The MaxCompute Notebook feature is in public preview. Each tenant can start a maximum of five Notebook instances. Each instance provides 2 CU of free computing resources for development.

MaxCompute Notebook is available in the following regions: China (Hangzhou), China (Beijing), China (Shanghai), China (Shenzhen), and China (Ulanqab).

Note

If you have questions about using MaxCompute Notebook, you can search for and join the DingTalk group 29455027568 for support.

Prerequisites

  • A MaxCompute project is created. For more information, see Create a MaxCompute project.

  • A network connection is created between MaxCompute and a VPC. This allows the Notebook instance to access data in MaxCompute. For more information, see Create a network connection.

Notes

  • The network connection, file system, and MaxCompute project must be in the same region as the Notebook instance to ensure network connectivity.

  • Exercise caution when you delete a network connection. Before you delete a connection, make sure that it is not being used by any Notebook instance. Otherwise, the instance will fail to start.

Benefits

MaxCompute Notebook is highly optimized and based on the open source JupyterLab. It combines the powerful data processing capabilities of MaxCompute to help you perform data analytics, data mining, and data exploration in a single location.

  • Support for multiple engines

    MaxCompute Notebook supports multiple Python development methods, such as PyODPS and MaxFrame. You can quickly start data analytics and data mining without changing your existing development methods.

  • Deep integration with MaxCompute

    You can quickly create instances based on your existing MaxCompute computing resource pools. You do not need to perform complex configurations to start a MaxCompute Notebook instance.

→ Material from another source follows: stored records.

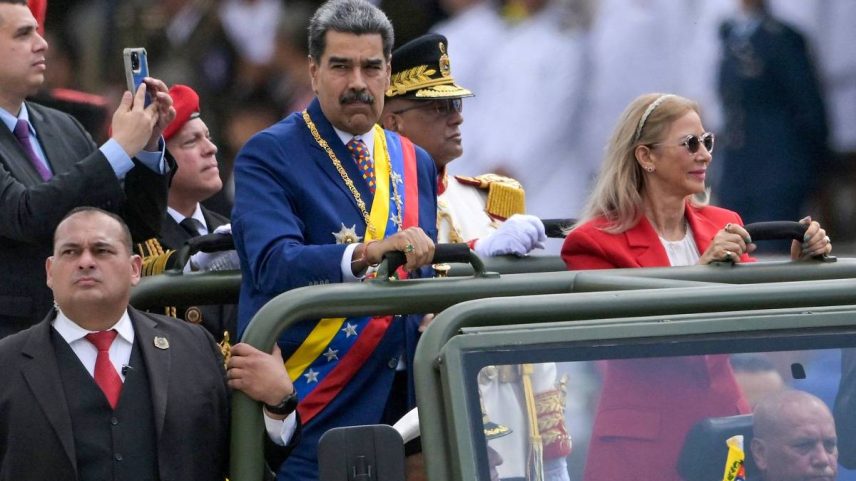 O ditado da Venezuela, Nicolás Maduro, e a primeira-dama, Cilia Flores, desfilam em um veículo militar durante as comemorações do Dia da Independência, em Caracas (Foto: Juan Barreto - 5.jul.25/AFP)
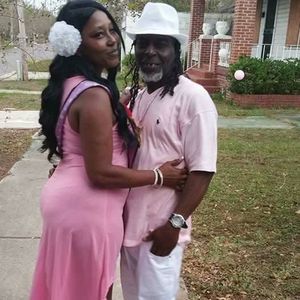 Meet your Posher, Carl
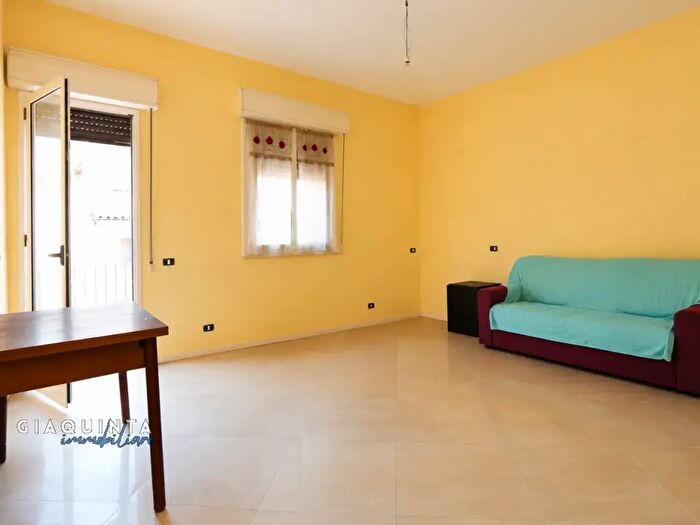 Appartamento trilocale in vendita in Via Reitano N, Catania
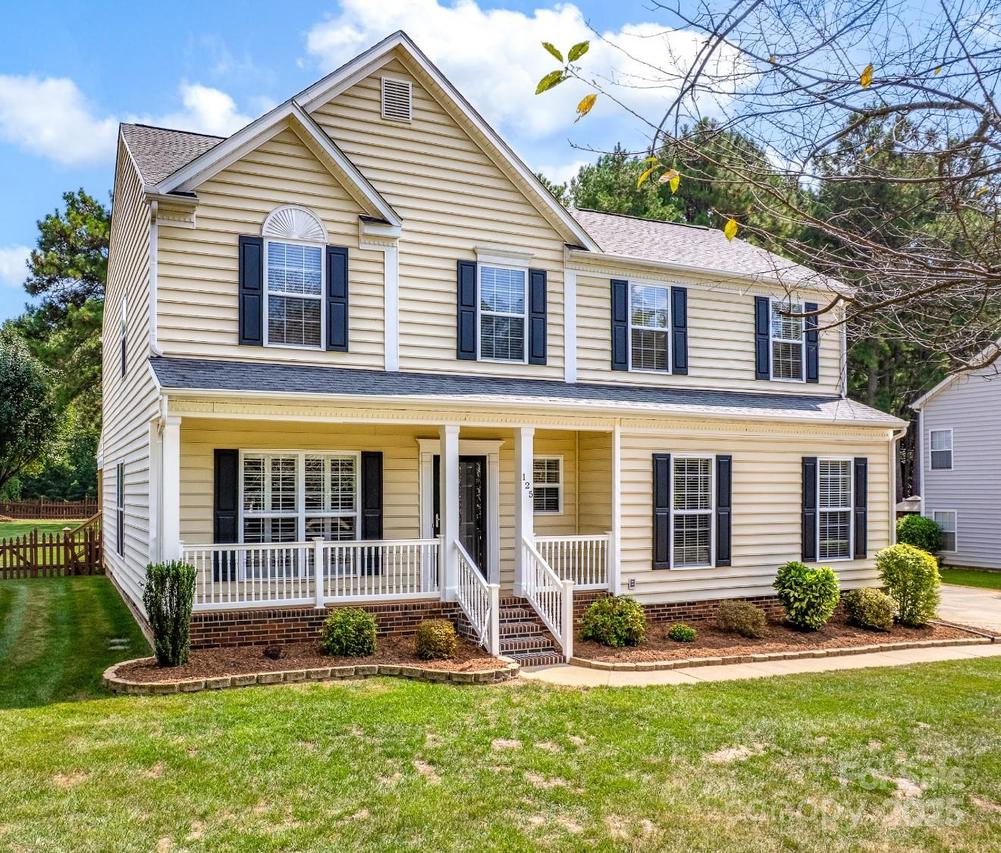 125 Castleton Dr., Mooresville, NC 28117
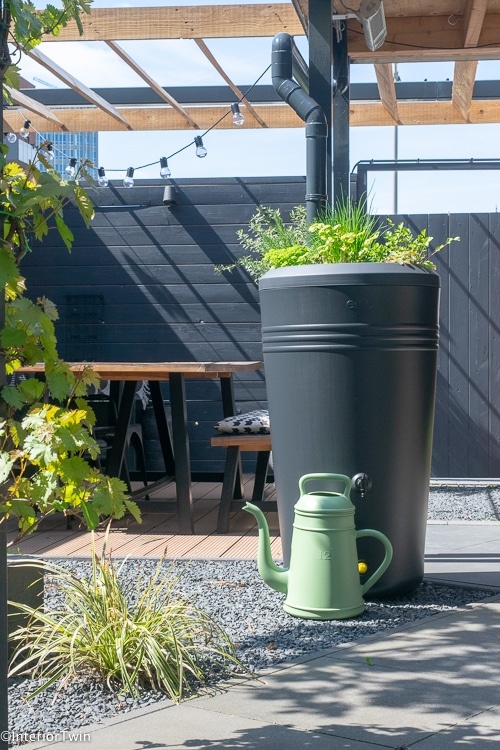 Regenton met plantenbak  230 liter antraciet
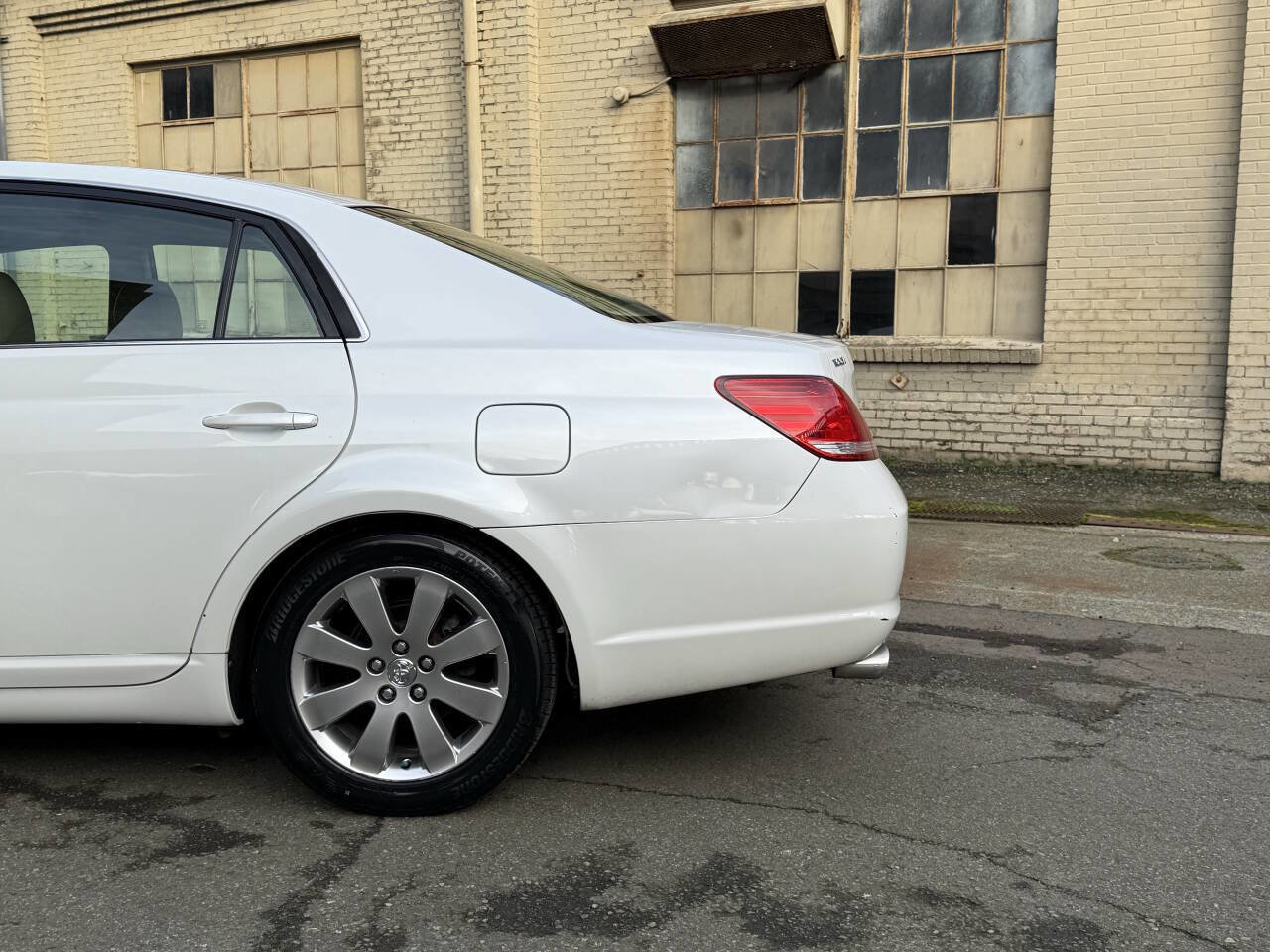 Used 2005 Toyota Avalon XLS image 20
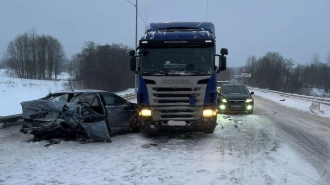 В массовом ДТП на 96-м километре автодороги "Нарва" пострадала женщина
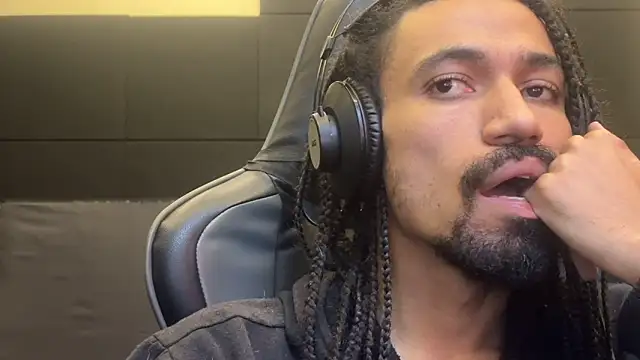 FavelaDaddyCum's Live XXX Chat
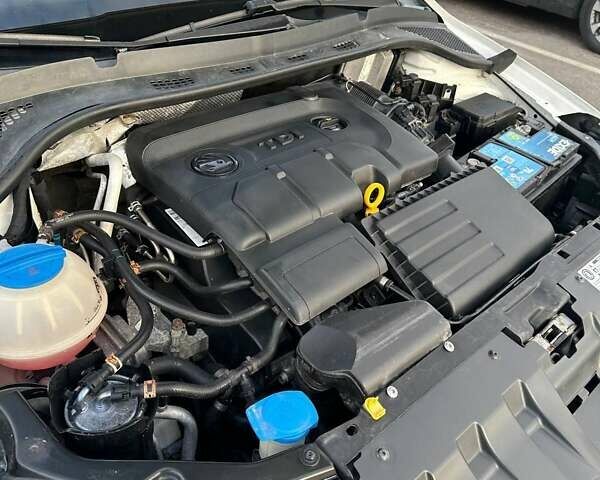 Белый Шкода Фабия, объемом двигателя 1.4 л и пробегом 224 тыс. км за 6950 $, фото 30 на Automoto.ua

  • Built-in function libraries

    MaxCompute Notebook includes many built-in extension libraries for data analytics, data mining, and visualization, such as pandas, numpy, pyplot, pyecharts, and matplotlib. This saves you the time required to prepare a development environment and meets your daily needs for data mining and visual analytics.

  • Security

    MaxCompute Notebook uses bearer tokens for user authentication. When you connect to a MaxCompute cluster through MaxCompute Notebook, you do not need to configure AccessKey pairs. This reduces the risk of AccessKey pair leaks.

Quick Start

Step 1: Create an instance template

You can create an instance template on the Notebook page. You can then reference this template when you create Notebook instances.

  1. Go to the Notebook list page. On the Instance Template tab, click Create Instance Template.

  2. In the Create Instance Template dialog box, configure the following parameters.

    Parameter

    Description

    Instance Template Name

    The name of the Notebook instance template to be created.

    Description

    A description of the instance template.

    Automatic Release Settings

    The time when the instance is automatically released.

    • No: The instance is not automatically released.

    • Yes: The instance is automatically released after a specified number of hours.

    Select Compute Engine

    The MaxFrame software development kit (SDK) is built-in and ready to use.

  3. Click OK to create the instance template.

Step 2: Create a Notebook instance

  1. Log on to the MaxCompute console. In the navigation pane, choose Workspace > Notebook to go to the Notebook list page.

  2. On the Instance Management tab, click Create Instance and configure the parameters.

    Parameter Name

    Description

    Instance Name

    The name of the Notebook instance to be created.

    Description

    A description of the instance.

    Associated Project

    This lets you perform subsequent data operations on associated projects without an AK/SK.

    Instance Creation Method

    You can create an instance from scratch or from an instance template.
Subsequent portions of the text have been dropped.